Civ. 3e, 6 mai 2015, FS-P+B+I, n° 13-24.947
Au-delà des prescriptions d’ordre public du régime régissant le contrat de construction de maison individuelle (CCMI), la troisième chambre civile applique en l’espèce un critère plus général du droit des contrats : le déséquilibre significatif entre les droits et les obligations des parties. Ce critère permet, dans un contrat formé entre un professionnel et un non-professionnel, de réputer non écrite, en ce qu’elle est contraire à la loi, la clause imposant au maître de l’ouvrage une définition à tout le moins extensive de la réception – une forme de réception de fait, qui serait caractérisée par la seule prise de possession du bien.

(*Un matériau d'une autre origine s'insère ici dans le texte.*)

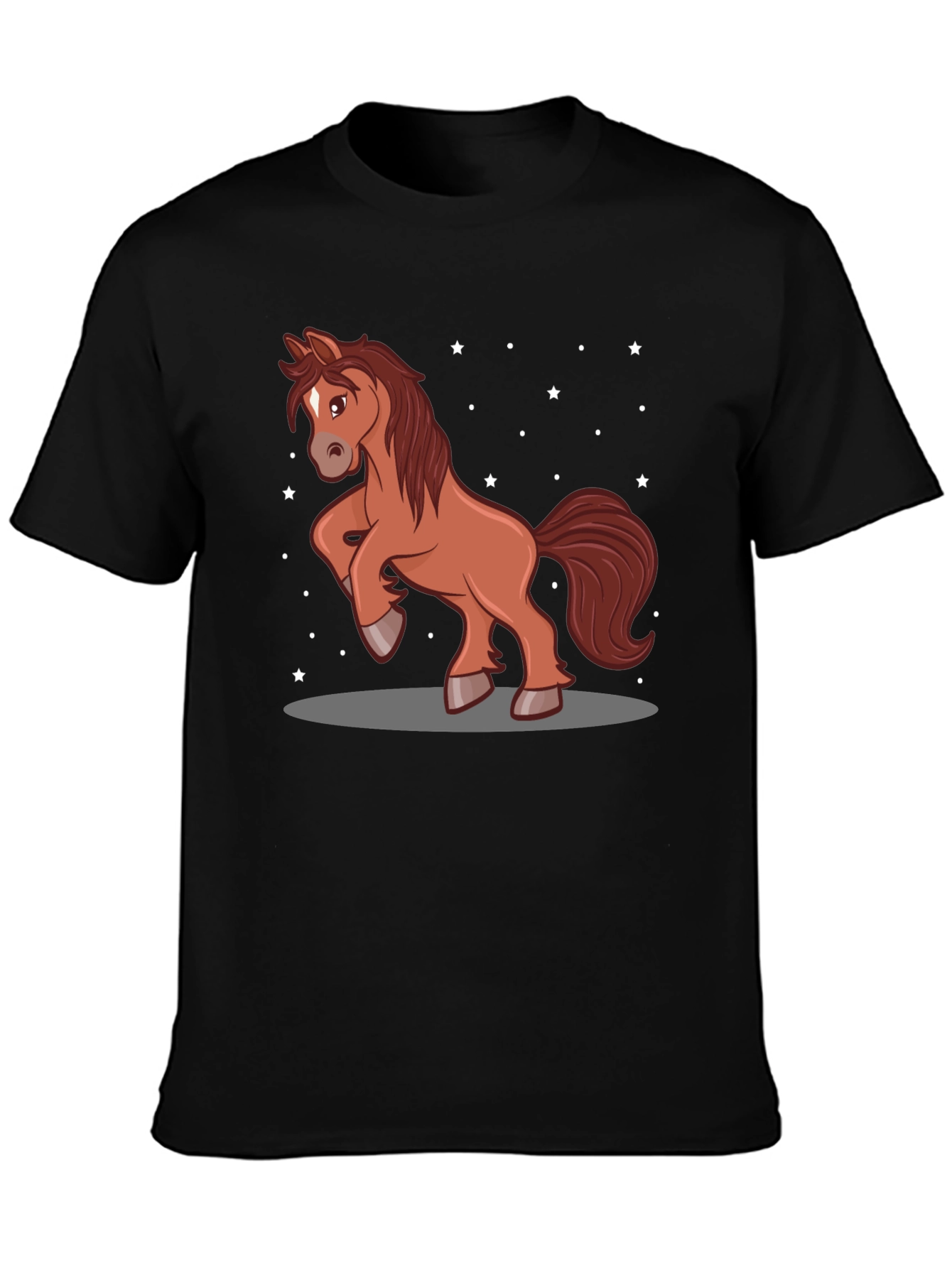 Black Cartoon Horse Graphic Tee - Black Cotton Blend view 3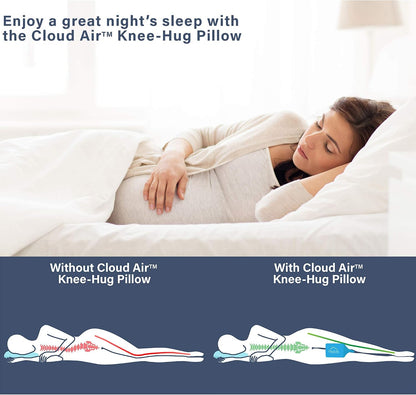 Vaunn Medical Cloud Air Side Sleeper Memory Foam Knee Pillow and Leg Positioner Cushion to Soothe Back, Leg and Hip Discomfort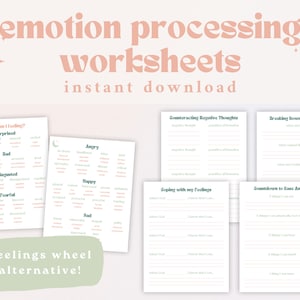 May include: A set of printable worksheets for processing emotions. The worksheets include titles like "What am I Feeling?", "Counteracting Negative Thoughts", "Breaking Down My Emotions", "Coping With My Feelings", and "Countdown to Ease Anxiety". The worksheets are designed to help people identify, understand, and manage their emotions.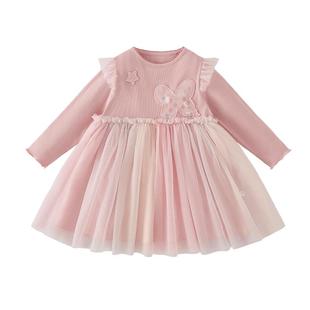 jellybaby女童裙子春儿童3拼接网纱裙女宝宝蝴蝶公主裙连衣裙春季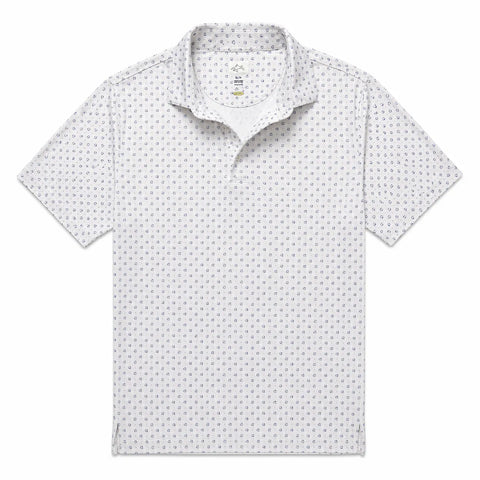 Greg Norman Men's White Printed Polo Neck T-Shirt | Greg Norman In Lebanon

L’article 1792-6, alinéa 1er, du code civil prévoit deux formes de réception d’un ouvrage : la première, la plus classique est dite « à l’amiable », c’est une réception expresse matérialisée par un procès-verbal assorti ou non de réserves ; à défaut, la seconde prendra la forme « judiciaire », le juge pouvant également s’il la reconnaît, l’assortir ou non de réserves. Dans un second temps, poursuivant l’esprit du législateur de protection du maître de l’ouvrage, la jurisprudence a élaboré une troisième forme de réception, via la théorie dite de la « réception tacite ». Cette dernière peut être reconnue, en l’absence de réception amiable ou judiciaire, lorsque deux critères sont réunis : la prise de possession de l’ouvrage et le complet paiement du prix – retenue légale de 5% de garantie mise éventuellement à part. Le raisonnement s’est récemment retourné contre lui-même, notamment en présence d’un maître d’ouvrage commerçant ou artisan, contraint de prendre possession de son bien afin de ne pas risquer de trop grandes pertes d’exploitation. L’affaire soumise en illustre une autre dérive de la pratique : celle du professionnel constructeur de maison individuelle qui impose à son cocontractant maître d’ouvrage profane, la reconnaissance de la réception sans réserve, par la seule prise de possession de l’ouvrage. Dans ce cas, à l’instar du précédent, la Cour de cassation est venue rappeler avec fermeté qu’au-delà des critères requis, la volonté non équivoque du maître de l’ouvrage de réceptionner l’ouvrage doit être caractérisée. Elle rappelle ainsi que la prise de possession ne saurait suffire.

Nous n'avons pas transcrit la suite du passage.